EAD Noun-Obscured Specimen Collection

Project Objective

This project is to build a collection of DTD or w3c schema valid EAD 2002 XML specimens, or sample files, that are made available with an open source license.

The collection seeks to capture specimens that follow a wide diversity of valid encoding practice. The primary use case of the collection is for the design and testing of systems that need to handle a variety of EAD mark up features.

Greeking

As in typography, greeking involves inserting nonsense text or, commonly, Greek or Latin text in prototypes of visual media projects (such as in graphic and web design) to check the layout of the final version before the actual text is available, or to enhance layout assessment by eliminating the distraction of readable text. -- http://en.wikipedia.org/wiki/Greeking

Typical EAD files contain many names and paragraphs of text. EAD systems often convert EAD to HTML and make them available to search engines such as google. Specimen are systematically obscured by scrambling nouns in XML text nodes and certain XML attributes, so that the donated specimens don't show up in common google searches or get confused with the original collection description.
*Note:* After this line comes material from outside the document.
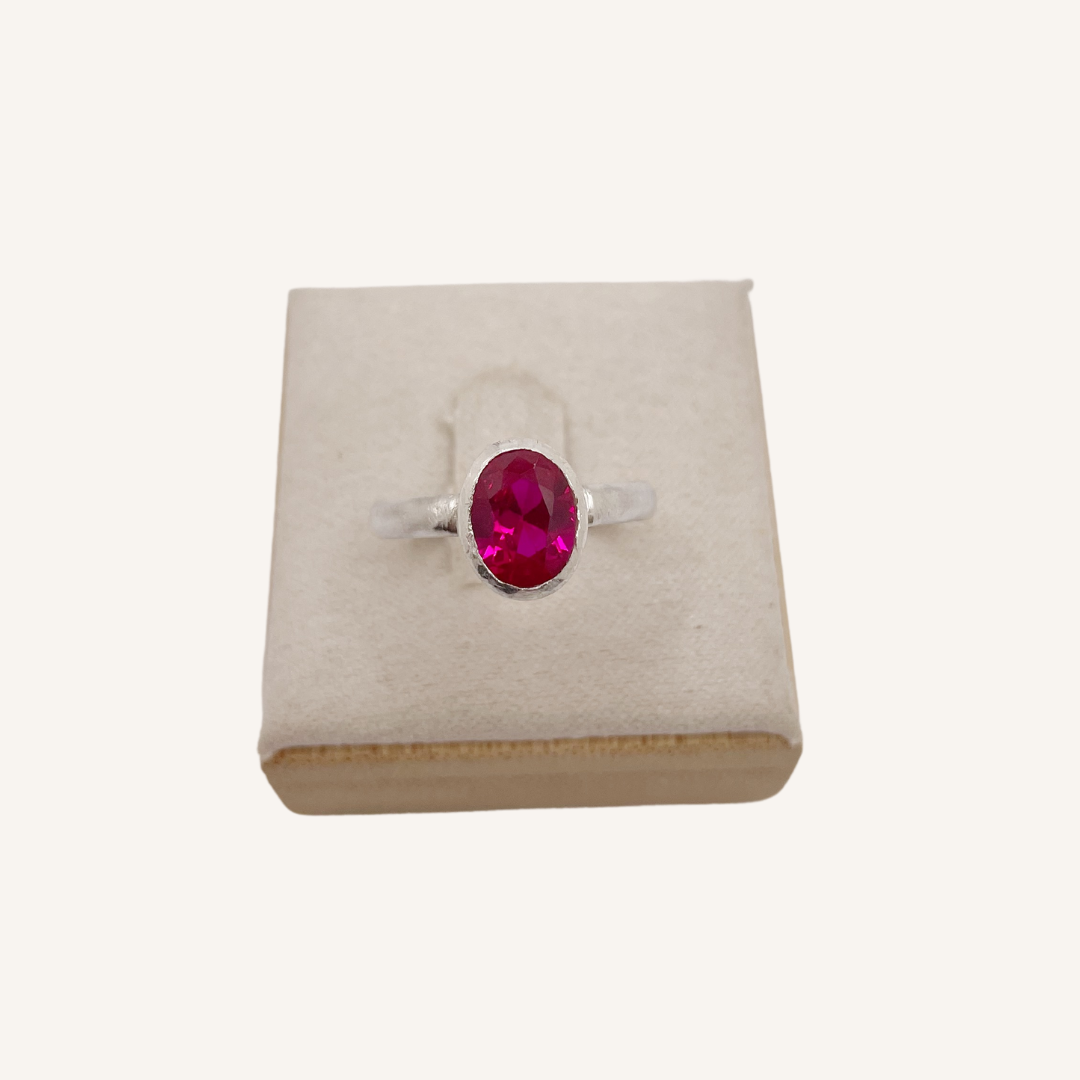 Ruby Ring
The greeking process is not cryptographically secure, and it is possible that noun identification will not be 100% accurate.

Noun Obscurification

So that the end product maintains some readability (it reads sort of like a mad lib), only nouns are replaced by the systematic process. Noun inflection and capitalization is preserved in the process.
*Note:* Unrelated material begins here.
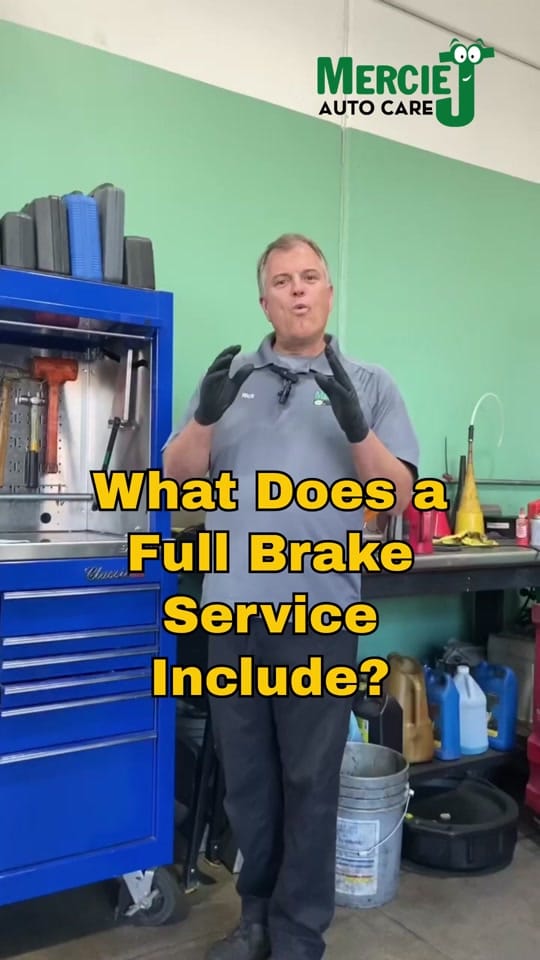 Post 6 by Mercie J Auto Care on TikTok (video)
(Use a "stop word" list of common archival terms to be exempted from noun obscurfication?)

Phone numbers and ZIP codes and other arabic numerals

Digits are ignored by the systematic greeking. Phone numbers, ZIP codes, and other identifiable numbers may also be greeked. Dates expressed in numbers will not be changed, but spelled out month names are obscured if identified as a noun.

Collection License

The noun-obscured-specimine collection is made available under a CC0 Public Domain Dedication.

Acquisition/Submission Process

The collection of noun-obscured EAD specimen is maintained in a revision control system repository (specifically, a git repository on git hub https://github.com/tingletech/ead-test-col ).

An EAD file "in the wild" is submitted to a specimen preparer. The submitter asserts they have the right to submit the original specimen for the purpose of it being processed and included in the collection. The specimen preparer then conducts the noun-obscuring "greeking" transformation procedure on the file and commits the transformed file to the github repository or a fork. In the commit message; the submission preparer references the source of the original file, including metadata identifying the correspondence indicating the submitters agreement to submit the specimen.

Misc.

( the greeking script: https://github.com/tingletech/greeker.py )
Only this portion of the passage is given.